Items listed in a dataset:
>>>>>

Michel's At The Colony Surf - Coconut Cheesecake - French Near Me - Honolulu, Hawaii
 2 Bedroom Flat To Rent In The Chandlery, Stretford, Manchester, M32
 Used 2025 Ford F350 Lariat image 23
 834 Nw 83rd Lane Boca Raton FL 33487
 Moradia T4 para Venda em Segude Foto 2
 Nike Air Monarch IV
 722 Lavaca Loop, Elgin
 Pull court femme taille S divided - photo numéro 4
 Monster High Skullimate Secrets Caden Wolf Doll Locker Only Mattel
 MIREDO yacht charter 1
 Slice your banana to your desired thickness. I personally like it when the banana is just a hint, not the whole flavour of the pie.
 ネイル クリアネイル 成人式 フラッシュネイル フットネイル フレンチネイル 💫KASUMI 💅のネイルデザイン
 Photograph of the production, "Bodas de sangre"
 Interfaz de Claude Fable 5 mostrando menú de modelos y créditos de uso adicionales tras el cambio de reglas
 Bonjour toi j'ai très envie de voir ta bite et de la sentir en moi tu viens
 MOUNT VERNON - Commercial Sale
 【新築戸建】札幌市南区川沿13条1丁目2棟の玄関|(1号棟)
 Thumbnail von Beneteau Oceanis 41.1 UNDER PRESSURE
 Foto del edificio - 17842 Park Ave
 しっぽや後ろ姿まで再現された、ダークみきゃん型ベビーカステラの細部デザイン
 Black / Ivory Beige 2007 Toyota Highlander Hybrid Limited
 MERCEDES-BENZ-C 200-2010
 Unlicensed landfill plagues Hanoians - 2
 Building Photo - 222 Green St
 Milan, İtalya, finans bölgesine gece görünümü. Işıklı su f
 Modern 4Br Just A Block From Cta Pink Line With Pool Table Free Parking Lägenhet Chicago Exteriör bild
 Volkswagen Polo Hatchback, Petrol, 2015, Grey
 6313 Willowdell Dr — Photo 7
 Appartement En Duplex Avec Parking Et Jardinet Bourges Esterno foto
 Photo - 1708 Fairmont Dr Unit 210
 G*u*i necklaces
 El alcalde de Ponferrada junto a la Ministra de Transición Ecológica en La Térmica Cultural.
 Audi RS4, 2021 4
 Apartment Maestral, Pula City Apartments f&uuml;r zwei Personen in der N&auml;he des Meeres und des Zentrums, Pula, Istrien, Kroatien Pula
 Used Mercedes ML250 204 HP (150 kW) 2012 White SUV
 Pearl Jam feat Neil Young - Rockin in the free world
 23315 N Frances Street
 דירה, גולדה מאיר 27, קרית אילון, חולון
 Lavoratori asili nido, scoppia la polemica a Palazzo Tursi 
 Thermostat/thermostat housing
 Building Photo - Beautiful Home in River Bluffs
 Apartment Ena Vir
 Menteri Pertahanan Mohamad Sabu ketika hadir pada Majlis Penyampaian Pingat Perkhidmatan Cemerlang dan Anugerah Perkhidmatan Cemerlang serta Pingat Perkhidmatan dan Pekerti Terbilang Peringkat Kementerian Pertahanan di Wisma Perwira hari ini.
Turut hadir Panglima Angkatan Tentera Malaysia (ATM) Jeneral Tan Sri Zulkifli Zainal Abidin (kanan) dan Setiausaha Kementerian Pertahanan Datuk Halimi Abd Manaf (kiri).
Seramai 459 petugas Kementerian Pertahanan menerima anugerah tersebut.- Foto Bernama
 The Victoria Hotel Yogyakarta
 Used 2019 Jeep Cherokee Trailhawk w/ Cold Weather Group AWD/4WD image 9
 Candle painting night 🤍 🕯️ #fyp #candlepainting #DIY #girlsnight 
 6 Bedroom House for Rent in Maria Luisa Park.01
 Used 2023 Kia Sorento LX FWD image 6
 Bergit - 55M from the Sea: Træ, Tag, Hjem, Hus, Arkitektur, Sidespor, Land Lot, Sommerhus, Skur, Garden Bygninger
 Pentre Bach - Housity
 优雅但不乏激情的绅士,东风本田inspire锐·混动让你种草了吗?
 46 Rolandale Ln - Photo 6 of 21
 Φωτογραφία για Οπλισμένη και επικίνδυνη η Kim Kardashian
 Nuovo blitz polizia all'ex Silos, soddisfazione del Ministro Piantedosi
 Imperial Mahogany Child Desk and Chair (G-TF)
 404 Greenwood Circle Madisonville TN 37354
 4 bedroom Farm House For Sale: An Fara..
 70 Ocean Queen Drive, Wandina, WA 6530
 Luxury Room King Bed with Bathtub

<<<<<

PROBLEM DESCRIPTION: Which lines belong in the answer? Exactly those from the first line of the entries through the line holding "しっぽや後ろ姿まで再現された、ダークみきゃん型ベビーカステラの細部デザイン", inclusive, copied unchanged.

TASK RESULT:
Michel's At The Colony Surf - Coconut Cheesecake - French Near Me - Honolulu, Hawaii
 2 Bedroom Flat To Rent In The Chandlery, Stretford, Manchester, M32
 Used 2025 Ford F350 Lariat image 23
 834 Nw 83rd Lane Boca Raton FL 33487
 Moradia T4 para Venda em Segude Foto 2
 Nike Air Monarch IV
 722 Lavaca Loop, Elgin
 Pull court femme taille S divided - photo numéro 4
 Monster High Skullimate Secrets Caden Wolf Doll Locker Only Mattel
 MIREDO yacht charter 1
 Slice your banana to your desired thickness. I personally like it when the banana is just a hint, not the whole flavour of the pie.
 ネイル クリアネイル 成人式 フラッシュネイル フットネイル フレンチネイル 💫KASUMI 💅のネイルデザイン
 Photograph of the production, "Bodas de sangre"
 Interfaz de Claude Fable 5 mostrando menú de modelos y créditos de uso adicionales tras el cambio de reglas
 Bonjour toi j'ai très envie de voir ta bite et de la sentir en moi tu viens
 MOUNT VERNON - Commercial Sale
 【新築戸建】札幌市南区川沿13条1丁目2棟の玄関|(1号棟)
 Thumbnail von Beneteau Oceanis 41.1 UNDER PRESSURE
 Foto del edificio - 17842 Park Ave
 しっぽや後ろ姿まで再現された、ダークみきゃん型ベビーカステラの細部デザイン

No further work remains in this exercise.